[[ RECORDS, beginning ]]

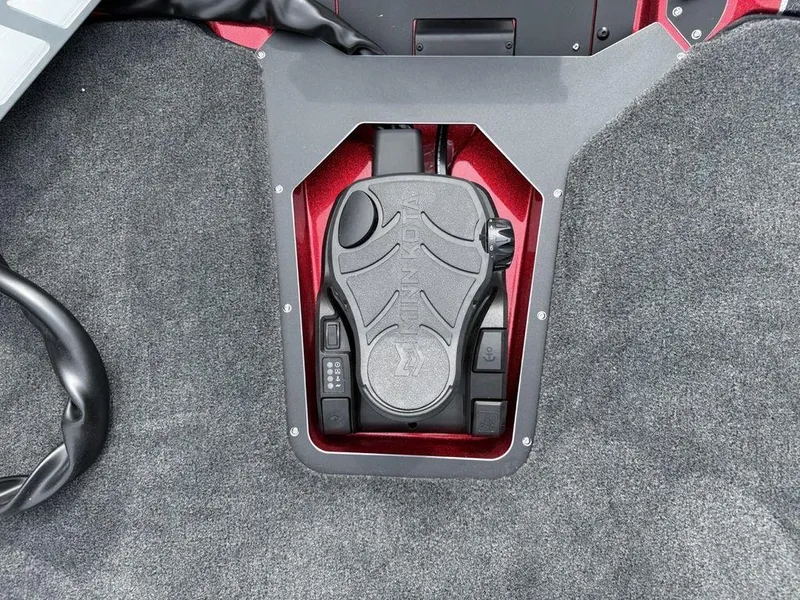 Slide: The Image of Foot pedal control on 2025 Skeeter ZXR20 boat, featuring Minn Kota technology. - 6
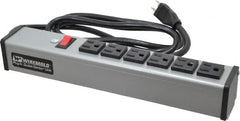 Wiremold - 6 Outlets, 120 Volts, 15 Amps, 6' Cord, Power Outlet Strip - Free Hanging Mount, 5-15 NEMA Configuration, 12-1/4" Strip, cULus Listed - Americas Industrial Supply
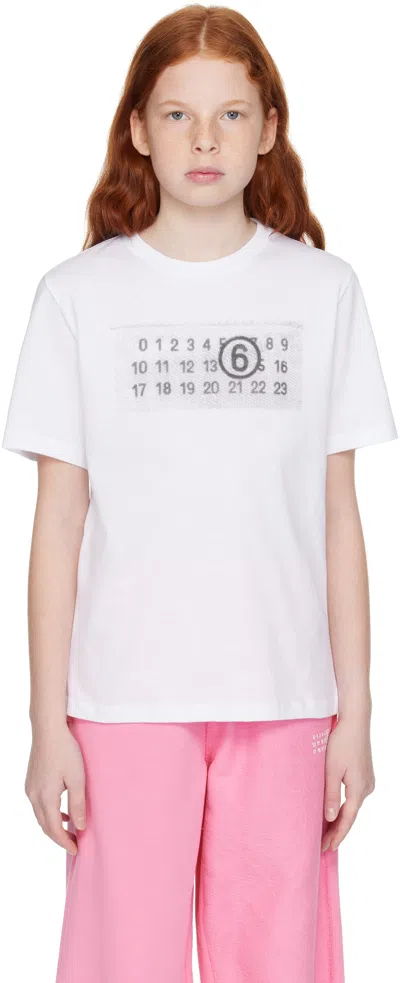 Mm6 Maison Margiela Kids' T-shirt Mit Nummern-print In M6100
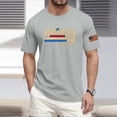 thumbnail image 2 of Hogleaql American Flag T-Shirt for Men Patriotic Short Sleeve Crew Neck American Flag Print Tops Dressy Independence Day Themed Loose Fit Pullover Tops Light Gray XL, 2 of 4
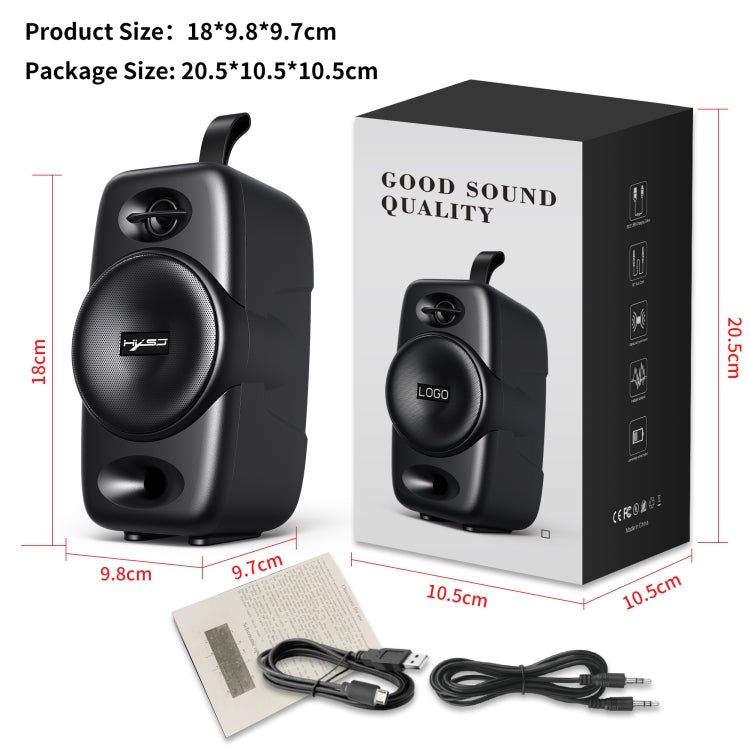 HXSJ Q8 Bluetooth 5.0 Multi-function Wireless Bluetooth Speaker Audio, Support Handsfree Calling & TF Card & USB(Black)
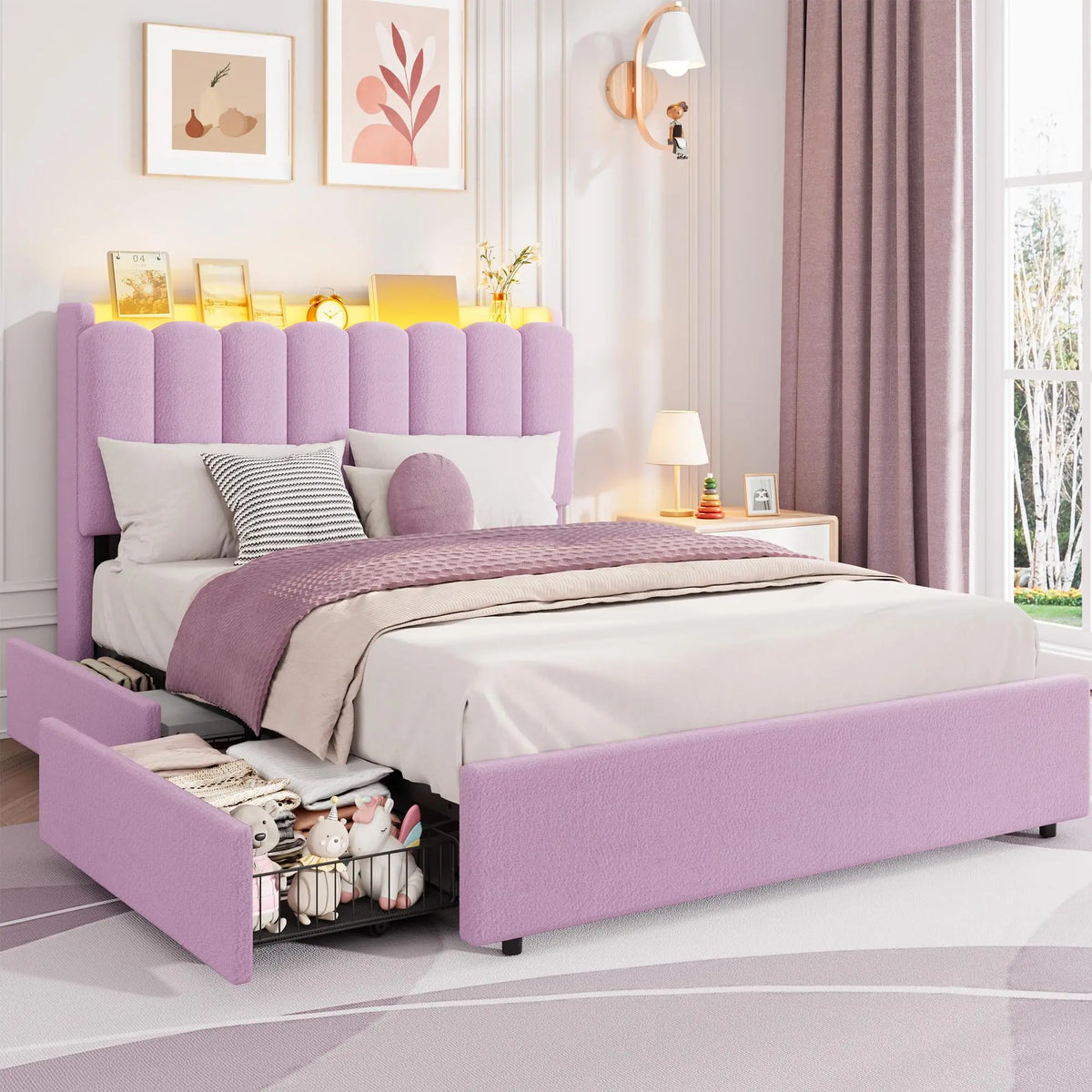 GAOMON Upholstered Bed with RGB LED Lighting and Storage Drawers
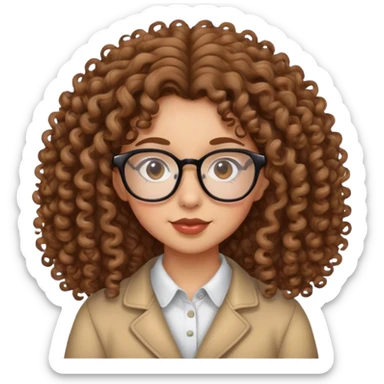  Chica morena clara pelo muy rizado y lentes  sticker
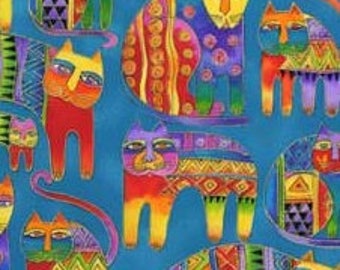 Laurel Burch Fanciful Felines OOP Fabric #90343-4M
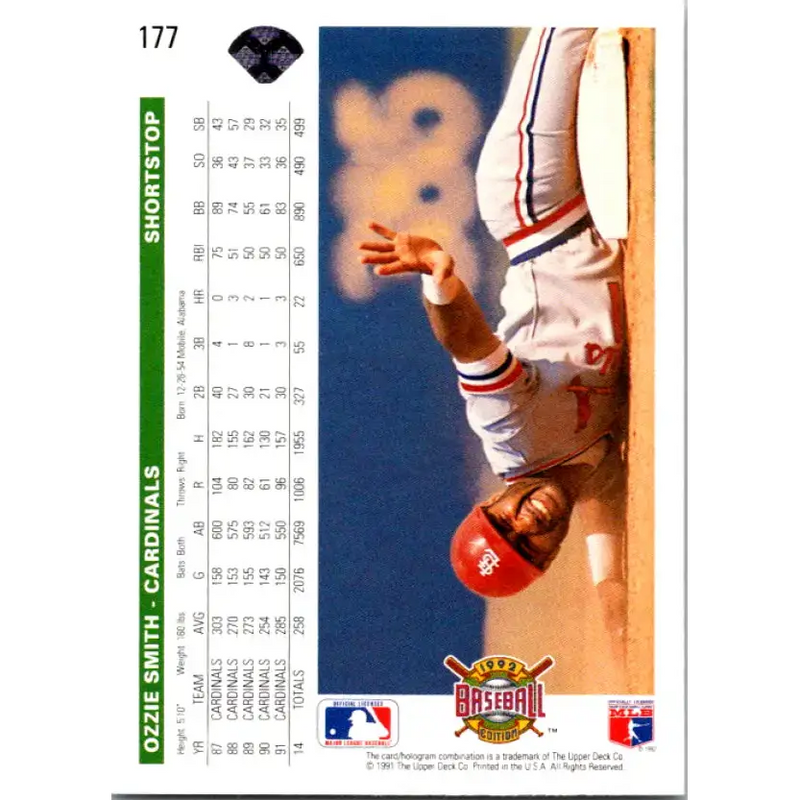 1992 Upper Deck #177 Ozzie Smith NM-MT St. Louis Cardinals Baseball Card - Baseball Card Single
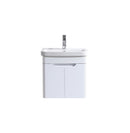 Crescent 500mm Waterproof Curved Wall Hung PVC Vanity Unit With Doors and Basin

[[ RECORDS, end ]]

Only the lines from the one with "GAOMON Upholstered Bed" through the final line of the entries above should be transcribed, exactly and without pictures.

 GAOMON Upholstered Bed with RGB LED Lighting and Storage Drawers
  Chica morena clara pelo muy rizado y lentes  sticker
 Laurel Burch Fanciful Felines OOP Fabric #90343-4M
 1992 Upper Deck #177 Ozzie Smith NM-MT St. Louis Cardinals Baseball Card - Baseball Card Single
 Crescent 500mm Waterproof Curved Wall Hung PVC Vanity Unit With Doors and Basin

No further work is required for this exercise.